_Task requirements_
Apart from the images, reproduce every record word for word.

**** Records for the task

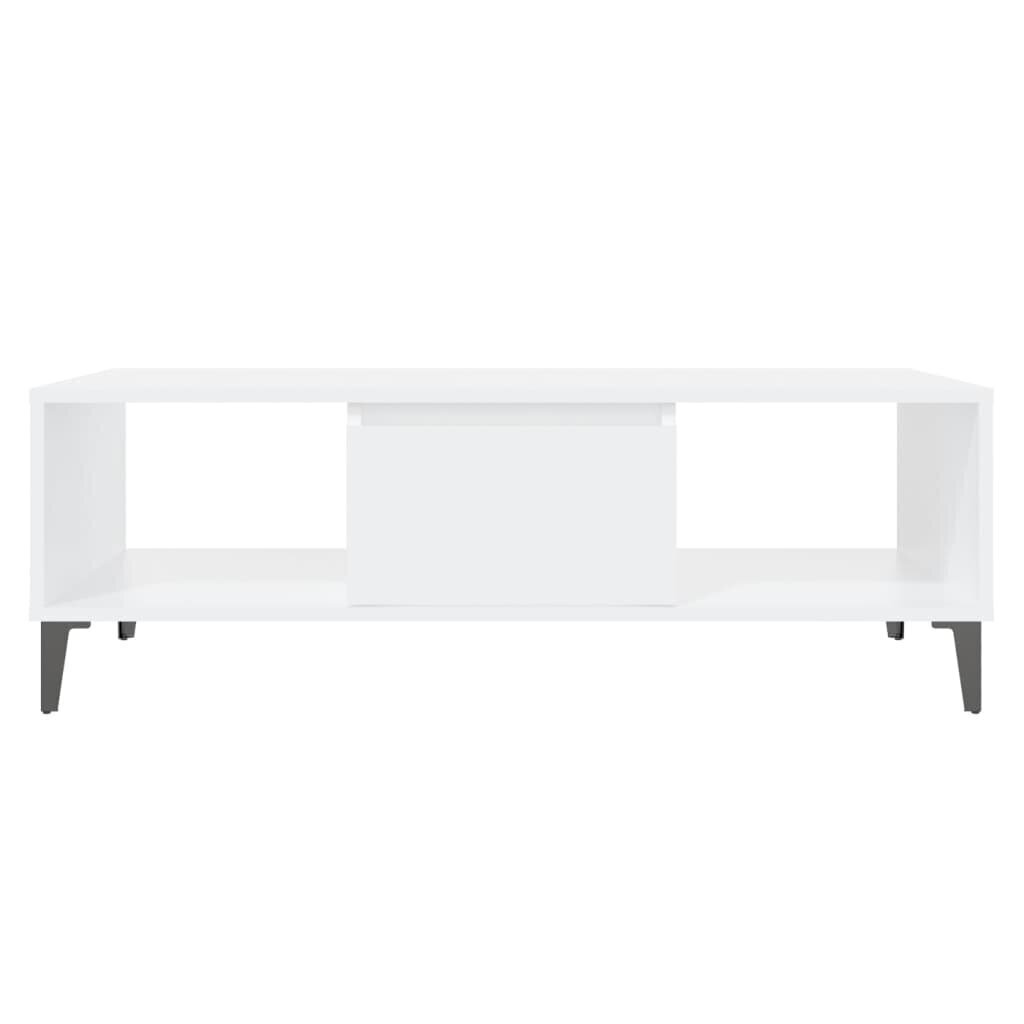 vidaXL Sohvapöytä valkoinen 103,5x60x35 cm lastulevy hinta ja tiedot | Sohvapöydät | hobbyhall.fi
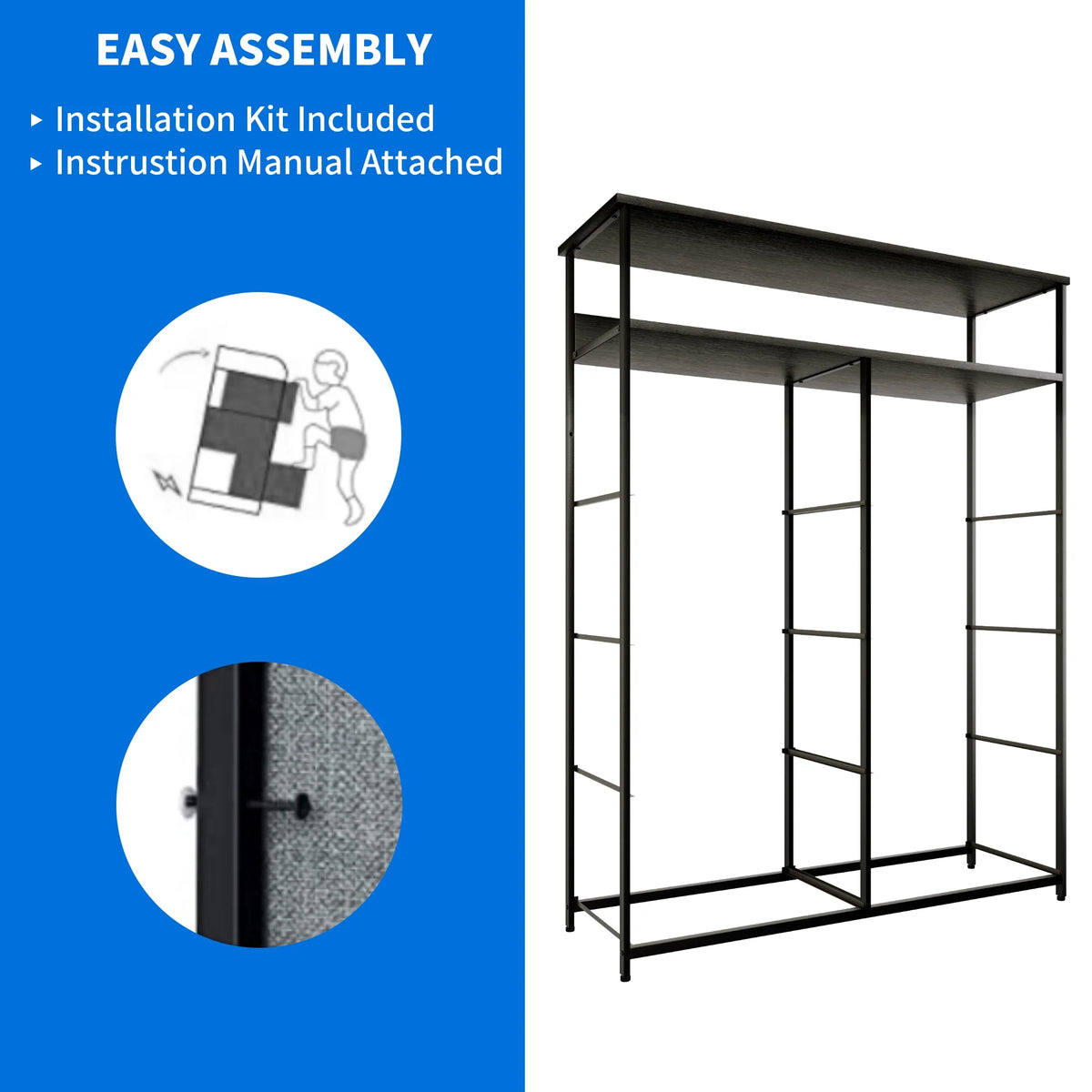 8 Drawer Fabric Dresser with Shelves U764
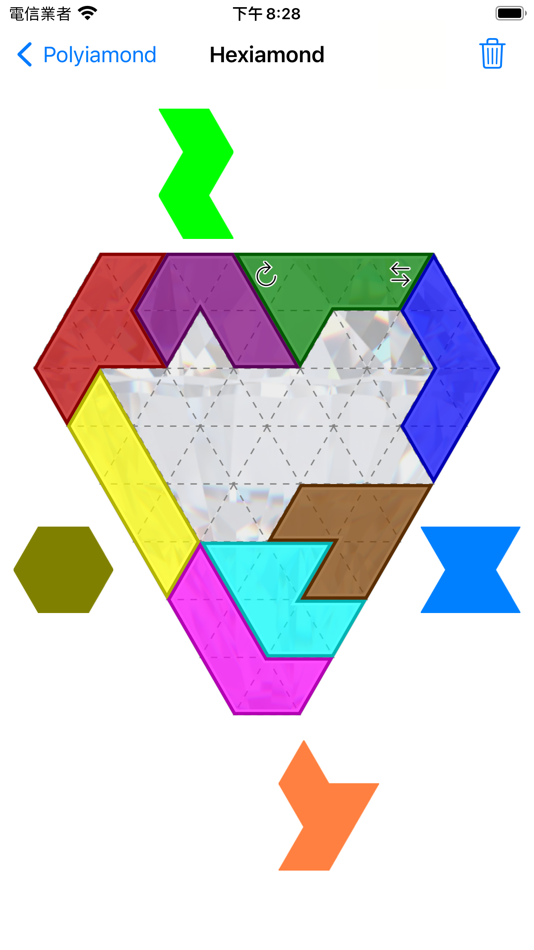 #4. Polyiamond Puzzle: Tetris Saga (iOS) 由: Ming-hua Wu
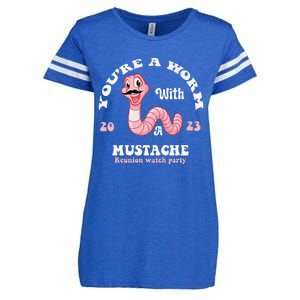 You're Worm With A Mustache James Tom Ariana Reality Funny Enza Ladies Jersey Football T-Shirt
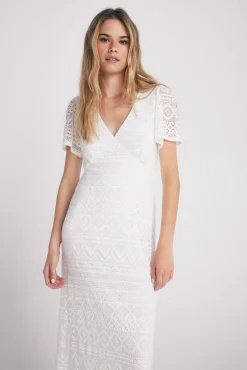 Vestido De Crochet De Punto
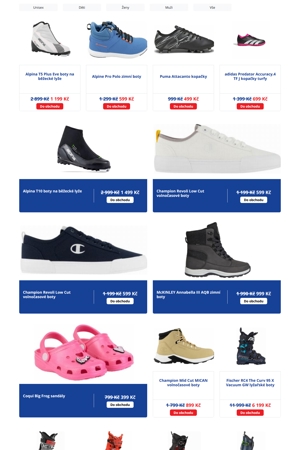 Intersport Boty - 21. 10. 2025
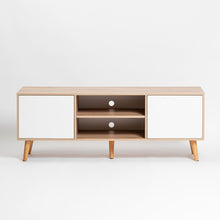 Cargar imagen en el visor de la galería, Rack TV 65 Pulgadas Kanso Jerez-Blanco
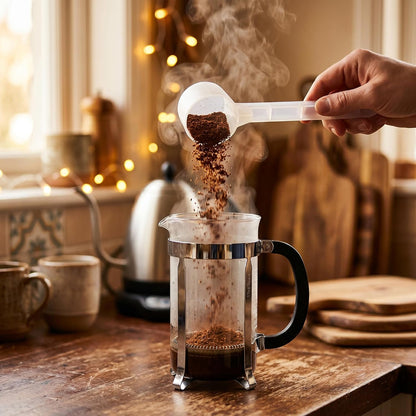 Adjustable Measuring Scoop and Coffee Spoon with Bag Clip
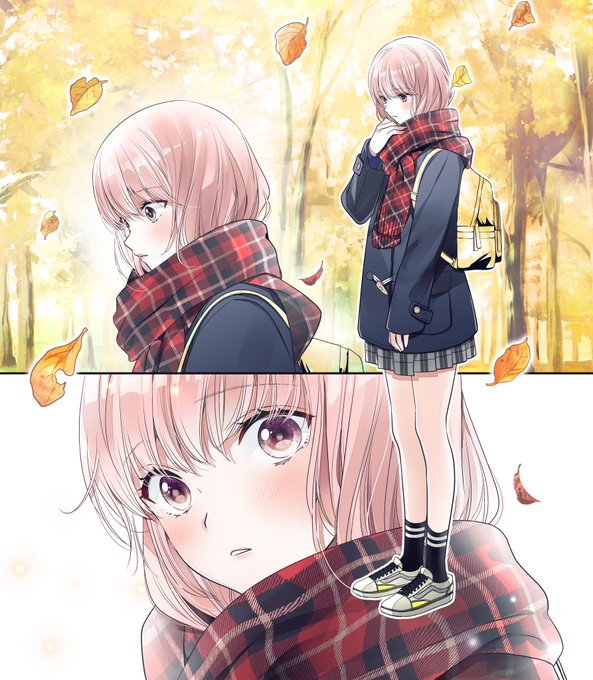 「女の子 紅葉」のTwitter画像/イラスト(新着)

********

_Written response_
 vidaXL Sohvapöytä valkoinen 103,5x60x35 cm lastulevy hinta ja tiedot | Sohvapöydät | hobbyhall.fi
 8 Drawer Fabric Dresser with Shelves U764
 #4. Polyiamond Puzzle: Tetris Saga (iOS) 由: Ming-hua Wu
 You're Worm With A Mustache James Tom Ariana Reality Funny Enza Ladies Jersey Football T-Shirt
 Vestido De Crochet De Punto
 Intersport Boty - 21. 10. 2025
 Cargar imagen en el visor de la galería, Rack TV 65 Pulgadas Kanso Jerez-Blanco
 Adjustable Measuring Scoop and Coffee Spoon with Bag Clip
 「女の子 紅葉」のTwitter画像/イラスト(新着)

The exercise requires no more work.